The presage to the Noah story, Utanapishtim’s tale, predates the Biblical text by at least one thousand years. If that weren’t enough, it’s much better in the Gilgamesh version, more detailed, more human, more, oddly enough, believable. When Utanapishtim details the quantities of wood that went into his ark, when he tells of the workmen drinking beer and wine by the barrel, when he saves those same workmen by taking them with him, this version at least addresses some of the less savory aspects of the Genesis account. Bringing the workmen along, for example, saves the tale from the obvious necessity of incest if only one family is saved.
Mitchell rightly notes an aspect of the story featuring Utanapishim that had always struck me curiously though I could never put my finger on it. When Gilgamesh fails a test Utanapishim presents him with, the old man gives him a consolation prize chance at immortality. Gilgamesh passes this test, swimming to the bottom of the ocean and bringing back a small plant that, if eaten, will render him immortal. Gilgamesh doesn’t eat it right away, planning to test it first on an old man back in Uruk. Before he can return, a snake, drawn by the plant’s fragrance snatches it up and disappears with it. This feels as it is precisely what must happen, and Mitchell points out how the structure of the story makes it not only inevitable that such a thing should happen, but necessary and expected to. Exactly, I thought, exactly.

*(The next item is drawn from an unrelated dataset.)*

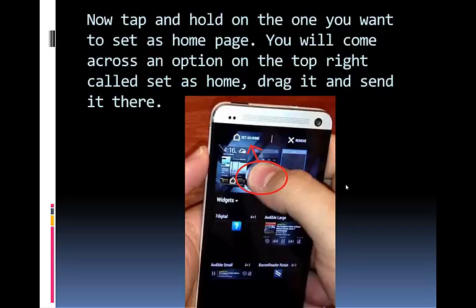Now tap and hold on the one you want to set as home page. As you can see, there are three options. You will come across an option on the top right called Set as Home. Drag it and send it there.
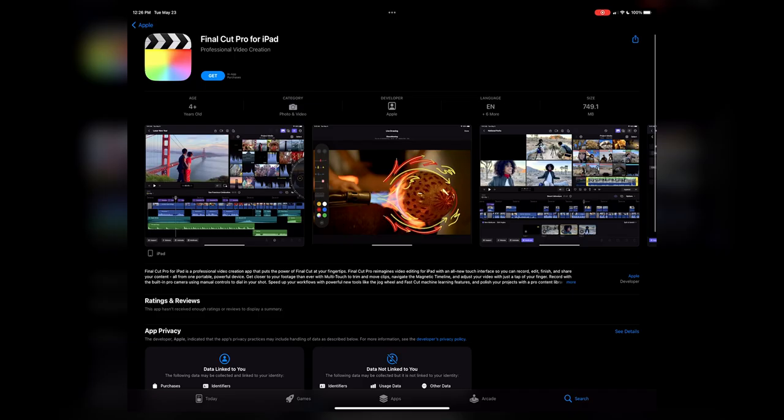Final Cut for iPad was just released. In this video, I want to talk about the first impressions from a professional video editor myself. No more speculation, no more guessing — time to jump in and see what this is all about.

What’s rather interesting is that at the beginning Gilgamesh is described as never needing sleep and being 2/3rds god. In what Rilke described as the “epic of the fear of death,” and as death predominates as a theme especially in the second half, the story of Gilgamesh is about how a man comes to be able to die. In seeking immortality, in coming to love another person, Gilgamesh stops being a terror to the people of his town, filled with cruelty as gods often are, and as he weakens, he becomes, as Mitchell notes, 3/3rds human. In becoming more human, Gilgamesh makes himself more mortal. In his striving to overcome death, he makes himself capable of dying. His return to Uruk is as a human, fully realized, benevolent, compassionate.
Mitchell’s essay afterwards perhaps tries to hard to tie the epic’s tale to current events in Iraq. The decision by Gilgamesh to ride out to defeat the monster Humbaba he portrays as an arrogant nation preemptively attacking another country. Enkidu is painted as the “original animal activist” because he protects his herds. Whatever. This is followed by a lengthy recounting of the story, replete with sizable excerpts from his own translation. This is one of the reasons I almost never read introductions; they are filled with such worthless observations and authorial vanities, and they often give away the story. That Recorded Books were clever enough to put this essay at the end of the recording, filling the last two of four discs, is a testament to their savvy. Both sections are read by different people, another good move, as it gives the book the perfect delineation. After Guidall’s familiar baritone, McDonough comes in with a higher, cleaner tenor, the academic’s voice. Both readers perform excellently and fit their respective texts.